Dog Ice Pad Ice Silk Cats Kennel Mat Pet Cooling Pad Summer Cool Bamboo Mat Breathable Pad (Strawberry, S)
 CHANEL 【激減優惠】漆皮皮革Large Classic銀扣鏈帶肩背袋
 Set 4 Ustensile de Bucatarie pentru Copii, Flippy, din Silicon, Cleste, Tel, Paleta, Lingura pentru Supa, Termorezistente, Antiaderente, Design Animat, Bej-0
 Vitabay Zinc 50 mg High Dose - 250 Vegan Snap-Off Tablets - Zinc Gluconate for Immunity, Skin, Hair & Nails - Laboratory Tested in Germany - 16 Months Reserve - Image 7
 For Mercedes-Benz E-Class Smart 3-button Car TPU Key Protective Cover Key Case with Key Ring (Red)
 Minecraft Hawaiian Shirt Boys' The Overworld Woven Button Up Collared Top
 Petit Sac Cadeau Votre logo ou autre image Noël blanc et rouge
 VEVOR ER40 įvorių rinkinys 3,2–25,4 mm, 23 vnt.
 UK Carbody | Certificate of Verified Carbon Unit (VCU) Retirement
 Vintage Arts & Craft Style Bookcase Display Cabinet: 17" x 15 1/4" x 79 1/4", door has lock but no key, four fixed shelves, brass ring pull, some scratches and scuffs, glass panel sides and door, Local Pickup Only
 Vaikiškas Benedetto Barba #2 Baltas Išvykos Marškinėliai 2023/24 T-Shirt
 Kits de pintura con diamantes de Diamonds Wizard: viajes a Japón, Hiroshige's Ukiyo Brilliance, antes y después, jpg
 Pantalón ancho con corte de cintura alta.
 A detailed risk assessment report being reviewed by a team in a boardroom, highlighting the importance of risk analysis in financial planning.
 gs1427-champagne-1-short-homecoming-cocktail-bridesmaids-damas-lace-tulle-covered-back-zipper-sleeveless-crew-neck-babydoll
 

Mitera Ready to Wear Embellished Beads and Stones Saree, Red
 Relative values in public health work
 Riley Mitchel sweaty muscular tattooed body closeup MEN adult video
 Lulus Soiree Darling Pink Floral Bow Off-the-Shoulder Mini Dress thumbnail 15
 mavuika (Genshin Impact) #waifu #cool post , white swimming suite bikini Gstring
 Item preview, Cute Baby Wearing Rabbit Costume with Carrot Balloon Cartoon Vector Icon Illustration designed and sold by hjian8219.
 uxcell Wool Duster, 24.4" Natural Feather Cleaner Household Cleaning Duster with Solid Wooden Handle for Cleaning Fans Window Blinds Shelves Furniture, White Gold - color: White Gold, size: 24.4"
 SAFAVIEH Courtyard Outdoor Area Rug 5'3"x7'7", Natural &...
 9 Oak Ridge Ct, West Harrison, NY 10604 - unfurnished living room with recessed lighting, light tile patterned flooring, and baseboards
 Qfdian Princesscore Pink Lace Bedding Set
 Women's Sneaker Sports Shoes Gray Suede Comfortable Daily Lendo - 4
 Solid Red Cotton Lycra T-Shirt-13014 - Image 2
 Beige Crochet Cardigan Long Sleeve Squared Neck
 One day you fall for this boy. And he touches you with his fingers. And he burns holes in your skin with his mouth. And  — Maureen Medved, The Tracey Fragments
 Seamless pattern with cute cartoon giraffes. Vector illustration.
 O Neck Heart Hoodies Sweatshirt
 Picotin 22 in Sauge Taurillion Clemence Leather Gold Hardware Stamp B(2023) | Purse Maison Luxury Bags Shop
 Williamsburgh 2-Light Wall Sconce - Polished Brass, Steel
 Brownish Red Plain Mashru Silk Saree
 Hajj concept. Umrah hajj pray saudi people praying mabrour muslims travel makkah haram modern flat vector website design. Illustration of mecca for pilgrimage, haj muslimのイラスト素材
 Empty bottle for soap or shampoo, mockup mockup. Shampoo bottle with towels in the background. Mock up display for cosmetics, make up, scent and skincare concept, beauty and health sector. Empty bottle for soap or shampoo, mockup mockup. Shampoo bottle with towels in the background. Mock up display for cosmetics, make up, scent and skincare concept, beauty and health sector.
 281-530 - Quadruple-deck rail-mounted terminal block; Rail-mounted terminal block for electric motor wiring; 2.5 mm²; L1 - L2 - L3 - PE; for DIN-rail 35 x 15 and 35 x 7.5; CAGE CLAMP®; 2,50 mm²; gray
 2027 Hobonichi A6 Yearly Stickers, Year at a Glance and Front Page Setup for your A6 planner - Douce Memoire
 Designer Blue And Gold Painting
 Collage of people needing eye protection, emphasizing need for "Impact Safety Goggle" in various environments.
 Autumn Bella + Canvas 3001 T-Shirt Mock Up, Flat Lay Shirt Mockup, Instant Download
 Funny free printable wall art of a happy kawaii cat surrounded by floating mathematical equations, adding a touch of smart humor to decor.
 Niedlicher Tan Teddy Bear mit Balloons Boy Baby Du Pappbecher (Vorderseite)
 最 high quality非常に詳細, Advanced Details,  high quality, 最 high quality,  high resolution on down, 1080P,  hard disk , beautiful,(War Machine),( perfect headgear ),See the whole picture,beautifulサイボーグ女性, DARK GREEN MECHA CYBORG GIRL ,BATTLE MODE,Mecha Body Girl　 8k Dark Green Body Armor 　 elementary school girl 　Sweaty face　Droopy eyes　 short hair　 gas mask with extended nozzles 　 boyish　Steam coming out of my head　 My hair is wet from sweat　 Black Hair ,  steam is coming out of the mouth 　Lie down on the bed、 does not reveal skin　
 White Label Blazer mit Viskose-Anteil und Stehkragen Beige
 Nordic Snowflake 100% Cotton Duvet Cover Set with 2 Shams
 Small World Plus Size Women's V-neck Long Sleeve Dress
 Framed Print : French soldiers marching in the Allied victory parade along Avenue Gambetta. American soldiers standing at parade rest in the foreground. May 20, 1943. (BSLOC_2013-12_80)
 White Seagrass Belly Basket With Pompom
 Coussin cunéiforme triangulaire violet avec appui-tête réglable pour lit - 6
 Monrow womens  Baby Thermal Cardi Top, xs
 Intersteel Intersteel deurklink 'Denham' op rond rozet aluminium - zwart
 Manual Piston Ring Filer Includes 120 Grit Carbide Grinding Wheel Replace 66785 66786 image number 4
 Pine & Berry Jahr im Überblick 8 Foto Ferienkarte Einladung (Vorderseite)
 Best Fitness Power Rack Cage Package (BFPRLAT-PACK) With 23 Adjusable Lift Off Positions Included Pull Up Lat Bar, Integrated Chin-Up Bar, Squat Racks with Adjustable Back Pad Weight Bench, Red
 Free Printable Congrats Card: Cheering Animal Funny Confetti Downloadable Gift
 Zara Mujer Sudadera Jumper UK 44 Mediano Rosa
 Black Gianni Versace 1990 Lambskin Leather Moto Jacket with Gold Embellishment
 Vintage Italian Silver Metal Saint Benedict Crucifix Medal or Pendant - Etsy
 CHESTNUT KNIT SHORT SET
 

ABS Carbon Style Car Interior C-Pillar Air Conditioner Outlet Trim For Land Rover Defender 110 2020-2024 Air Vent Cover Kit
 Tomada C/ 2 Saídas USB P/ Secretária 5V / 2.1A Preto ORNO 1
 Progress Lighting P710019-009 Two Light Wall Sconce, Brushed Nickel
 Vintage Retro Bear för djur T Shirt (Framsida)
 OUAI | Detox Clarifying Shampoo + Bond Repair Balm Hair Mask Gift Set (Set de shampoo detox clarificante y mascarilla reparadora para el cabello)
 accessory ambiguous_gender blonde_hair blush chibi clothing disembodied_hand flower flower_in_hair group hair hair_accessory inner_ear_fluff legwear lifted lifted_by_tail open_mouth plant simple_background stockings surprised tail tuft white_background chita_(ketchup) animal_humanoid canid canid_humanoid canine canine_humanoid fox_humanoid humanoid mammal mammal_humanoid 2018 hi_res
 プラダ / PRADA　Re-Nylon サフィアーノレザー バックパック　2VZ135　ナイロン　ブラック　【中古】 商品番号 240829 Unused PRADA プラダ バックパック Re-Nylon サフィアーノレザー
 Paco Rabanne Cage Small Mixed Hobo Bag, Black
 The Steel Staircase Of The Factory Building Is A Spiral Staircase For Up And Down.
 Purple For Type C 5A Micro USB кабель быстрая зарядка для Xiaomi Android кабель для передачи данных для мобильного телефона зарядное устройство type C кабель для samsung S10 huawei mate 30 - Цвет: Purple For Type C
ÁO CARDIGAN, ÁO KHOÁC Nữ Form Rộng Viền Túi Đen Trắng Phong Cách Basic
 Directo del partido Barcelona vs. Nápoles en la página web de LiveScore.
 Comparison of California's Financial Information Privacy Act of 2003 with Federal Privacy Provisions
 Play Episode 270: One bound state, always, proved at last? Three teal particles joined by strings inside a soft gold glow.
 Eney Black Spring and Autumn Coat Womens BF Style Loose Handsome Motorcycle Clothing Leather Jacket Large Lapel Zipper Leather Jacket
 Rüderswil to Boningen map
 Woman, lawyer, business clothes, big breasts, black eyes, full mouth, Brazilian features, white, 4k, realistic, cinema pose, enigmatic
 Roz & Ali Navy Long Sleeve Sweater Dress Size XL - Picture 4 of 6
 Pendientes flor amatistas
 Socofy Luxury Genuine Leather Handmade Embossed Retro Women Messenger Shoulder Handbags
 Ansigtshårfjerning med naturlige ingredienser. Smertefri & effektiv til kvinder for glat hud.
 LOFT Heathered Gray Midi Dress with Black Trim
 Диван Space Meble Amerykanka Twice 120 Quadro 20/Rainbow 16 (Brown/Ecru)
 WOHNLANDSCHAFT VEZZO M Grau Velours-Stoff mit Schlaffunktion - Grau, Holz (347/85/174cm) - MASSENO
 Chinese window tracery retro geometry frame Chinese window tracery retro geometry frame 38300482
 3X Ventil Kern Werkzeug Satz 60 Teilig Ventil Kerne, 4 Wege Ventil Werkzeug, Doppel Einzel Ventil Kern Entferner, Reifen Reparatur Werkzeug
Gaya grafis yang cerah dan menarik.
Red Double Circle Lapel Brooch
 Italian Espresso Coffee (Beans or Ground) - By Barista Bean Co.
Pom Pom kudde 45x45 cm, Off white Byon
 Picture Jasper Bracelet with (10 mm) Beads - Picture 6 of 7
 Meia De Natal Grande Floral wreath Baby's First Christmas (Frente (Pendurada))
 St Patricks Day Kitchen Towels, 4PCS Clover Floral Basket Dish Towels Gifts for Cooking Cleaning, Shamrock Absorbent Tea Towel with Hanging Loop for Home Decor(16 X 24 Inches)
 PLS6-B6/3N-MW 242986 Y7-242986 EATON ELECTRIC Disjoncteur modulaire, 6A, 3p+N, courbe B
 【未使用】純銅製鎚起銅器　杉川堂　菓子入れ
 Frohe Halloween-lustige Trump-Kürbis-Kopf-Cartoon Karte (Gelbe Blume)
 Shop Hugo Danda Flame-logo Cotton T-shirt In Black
═══
## Exercise details
Each line above with the word "Cotton" must be returned.

## Written solution
 Solid Red Cotton Lycra T-Shirt-13014 - Image 2
 Nordic Snowflake 100% Cotton Duvet Cover Set with 2 Shams
 Shop Hugo Danda Flame-logo Cotton T-shirt In Black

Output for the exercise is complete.